Hip Hop: The Invisible Bully

In Hip-Hop, we have license to talk about anything. To say how we feel, however ill-informed, half baked (pun intended) and narrowly Socratic our point of view might be. It's not my fault that The Chronic album came out when I was a sheltered sophomoric church kid. I loved that album from the first moment I heard it -- even though at the time I didn't know what chronic was. I saw the leaf printed on the CD and thought that they were West coast environmentally conscious rappers.

I love God and I love Hip Hop. I see no contradictions in the equation, and yet I feel the tensions that exist as they both live present in my life. I believe that everything that is secular is not always profane and that which is sacred is not always life-giving. Hip Hop as a genre is thirty-six years old and I've never known a time in my life that the culture was not in some way present in my life. I have been made proud, ashamed, saddened and made glad as Hip Hop and I have grown together. Will and Dana Dane broadened us and took us to the world. Run DMC and EPMD made us appealing to mainstream society and conscious to our own urban plight as the new Black America emerged from Reaganomics. Mary J. Blige made us hum and sing to the rhythms and beats that were organic to a street ethos that was emerging from the burrows of New York. Biggie and 2Pac are constant reminders that life should matter more than death.

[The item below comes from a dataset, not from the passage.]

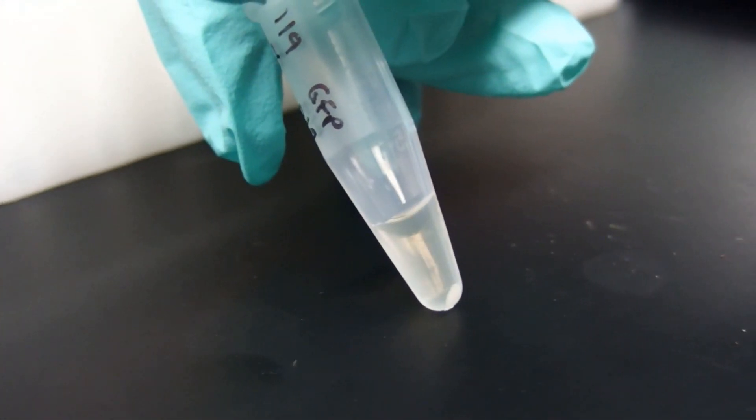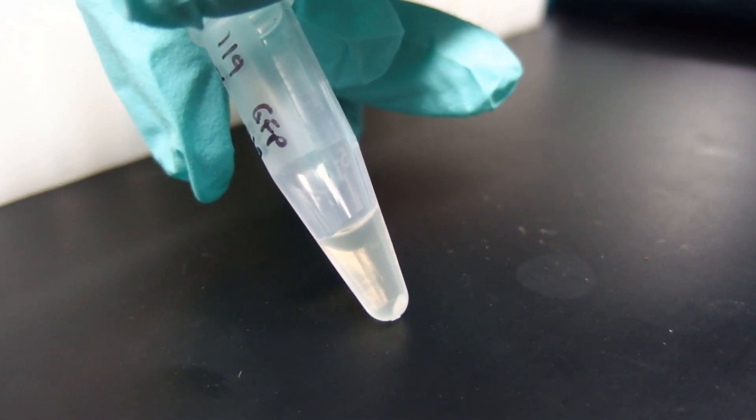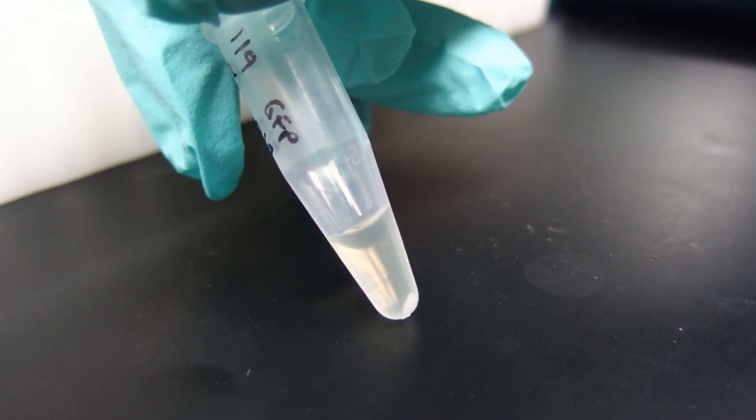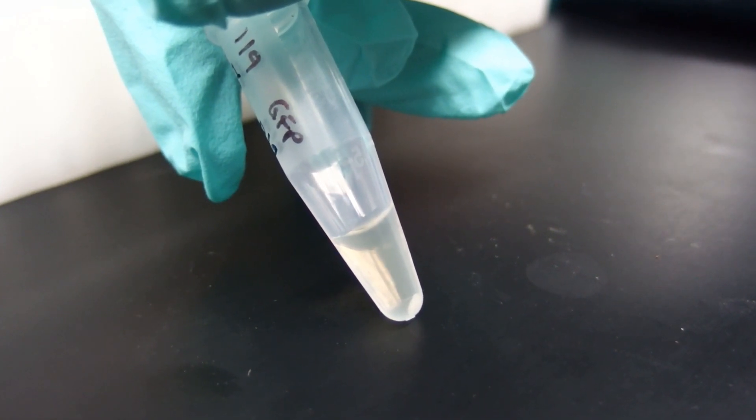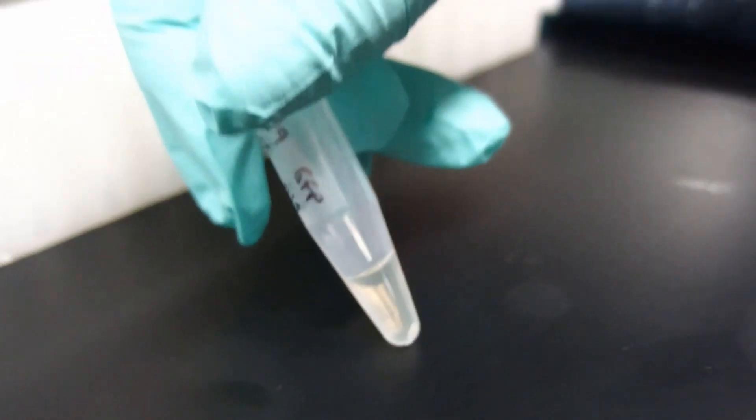You can see the bacteria is pelleted at the bottom. What we are going to do now is take the supernatant out and then we are going to transfer the activation buffer into this bacteria.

In remembering December 1 -- World AIDS Day -- I'm convinced now more than ever that life matters. All life matters. In every incarnation, life matters. I have sat in amazement at the silence of Hip Hop as young gay men and some women, both black and white, kill themselves in response to being bullied because of their sexual orientation or affectional preference. Suicide is not the cure for queerness. What often angers me about Hip Hop is not always what we say but what we fail to say. Our cultural defeats that occur through a valiant and worthy fight don't bother me as much as the defeats that occur because we won't fight for what is inherently righteous and just.

Matthew Shepherd, brothers Jose & Romel Sucuzhanay and Tyler Clementi are reasons why the voice of our collective culture must be in harmony with our conscious love for one another. We have a responsibility to discuss all that ails our society, neighborhoods and families from violence to bullying to HIV/AIDS, mental health and economic disparities.

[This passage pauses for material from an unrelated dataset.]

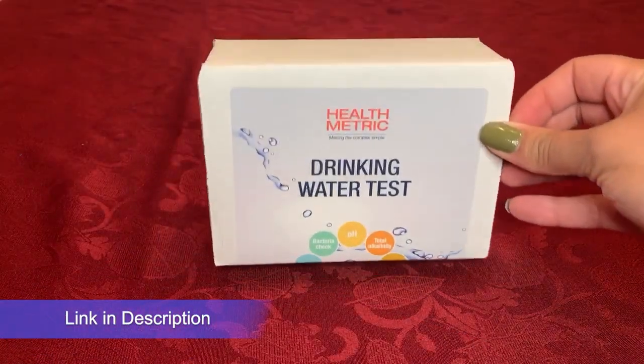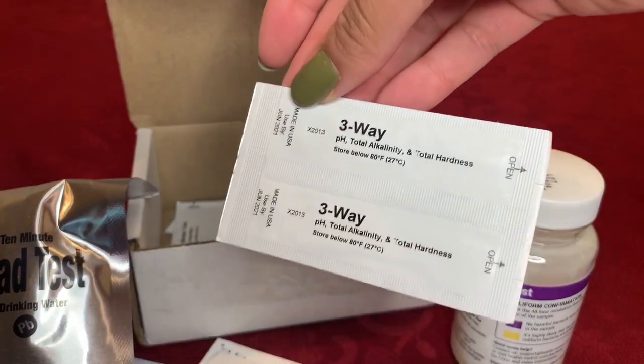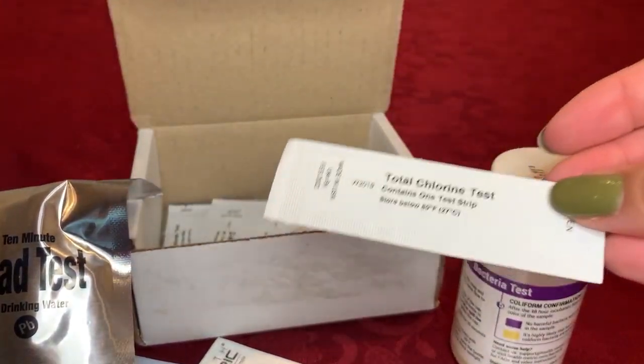Hey y'all, today we're going to test our water. I ordered this Health Metric drinking water test, and it's said to test your pH, bacteria, total alkalinity, copper, lead, nitrate, nitrite, total chlorine, and total hardness. I think that's pretty all-consuming, especially for the EPA drinking water safety regulations. So let's check it and compare it in relation to what I find for my city water.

Every faction of our collective lives together should work to see a cure of AIDS in our lifetime, while simultaneously working with all our resources to reduce the number of new infections -- especially among brown and black people. In the 2009 report, entitled "The State of AIDS in Black America" the Black AIDS Institute research says, "An estimated one in five HIV positive Americans don't know they are infected and the most recent race-based data shows more than half of positive Blacks are undiagnosed."

I am Hip-Hop. I am part of the culture but seemingly while Hip Hop has gotten older in some ways we refuse to grow up and take on the responsibility to our own people that we so desperately need. Yes, we must sing, rap, dance but we also must think deeply and concern ourselves with the world in which we live, the world we create with our own words.

I don't know if society will ever normalize homosexuality but we should be spiritual, just and compassionate enough to humanize it in a way that gives dignity to human worth. When we do this we become a part of the reason someone may want to live instead of die and we become more than an invisible bully like The Gooch, we become a present help to people who need to hear 16 bars that matter.